Я склонила голову к плечу и смотрела на него с улыбкой, понимая, что на самом деле Фьер рад развлечению и возможности ненадолго исчезнуть из цепких лапок герцогини. Но они ведь были схожи с Аметистом, и потому его милость не мог не устроить маленький спектакль.
– Ну, раз вас так не устраивает общество государя, так давайте натравим на него ее светлость, или же я попрошу вас оставить, – предложила я, стараясь снова придать лицу серьезное выражение.
Гард смерил меня взглядом с ног до головы, а после согнулся пополам:
– Благодарю покорно, ваша милость. Мне дорога моя свобода, даже видимая. И жизнь. Если вы откроете рот, то я уж точно побегу по кустам, и по моему следу пустят собак. Лучше уж на коне и с ружьем, чем хрюкать на четвереньках, спасаясь от охотников.
– Тогда утрите слезки и покоритесь жестокой судьбе. Она ведь так нещадно карает вас: личное приглашение на охоту от самого короля.
– Неделю вы не услышите от меня ни слова, – заверил меня Гард. – И не вздумайте умолять меня о прощении, я вас не услышу.
– Но пока вы не выехали с охотниками за ворота и не началось ваше молчание, может, поболтаем еще немного? – улыбнулась я.
– Но только до выезда, – сурово ответил барон. – И ни минутой больше.
С того дня, как кавалькада покинула дворец, прошло уже три дня. Самого выезда я не видела, попросту спала. Впрочем, несмотря на то, что охотники выехали засветло, их провожали. И ее светлость в том числе, вместе со свитой, но… у меня было высочайшее повеление спать и не вздумать просыпаться. А все потому, что моя ночь была посвящена Его Величеству.
О нет! Не вздумайте и мысли допустить о чем-то… этаком. Ничего подобного! Но лучше уж рассказать всё в подробностях, чтобы избежать недопонимания и конфуза. Сначала был лакей. Он принес записку от государя. С некоторых пор между нами завязалась переписка, приятная и шутливая. Всё началось с уже известного письма от кредитора и моего ответа на него. С тех пор я могла получать короткие записки в любое время дня или вечером. И подписывался он неизменно просто своим именем, что превращало переписку во что-то более интимное и искреннее.
Но вернемся к лакею и его невесомой ноше. Я уже пришла к себе и собиралась готовиться ко сну, когда в дверь постучали. Решив, что это привычное пожелание добрых снов, я даже заведомо взяла бумагу и чернила, готовая писать ответ. Однако, вскрыв конверт, перо я отложила в сторону, потому что ничего писать не требовалось. Это было приглашение, и я подчинилась.

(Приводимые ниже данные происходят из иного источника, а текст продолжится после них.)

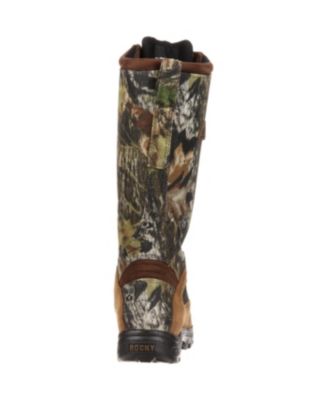 Men's ProLight Hunting Waterproof Snake Boot - Unisex sized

Вновь переодеваться в наряд для выхода я не стала, памятуя, что и домашние платья вполне уместны на пикнике и на балу, так отчего бы не надеть его и на позднюю встречу? А раз я выбрала платье простого кроя без всяких ухищрений, то и делать прическу заново было лишней тратой времени, поэтому Тальма завязала мне лентой самый обычный хвост. Накинув на плечи шаль, я покинула свои комнаты и последовала за лакеем, томимая любопытством и надеждой, что я не попаду впросак в своем простом одеянии.
А когда мы покинули дворец и направились в сторону озера, я и вовсе стала настороженной. Мне вдруг подумалось, что записка могла быть написана кем-то другим, мало ли умельцев подделывать почерк, и тогда меня сейчас выведут за ворота и…
– Глупость какая, – пробормотала я, стараясь приободриться.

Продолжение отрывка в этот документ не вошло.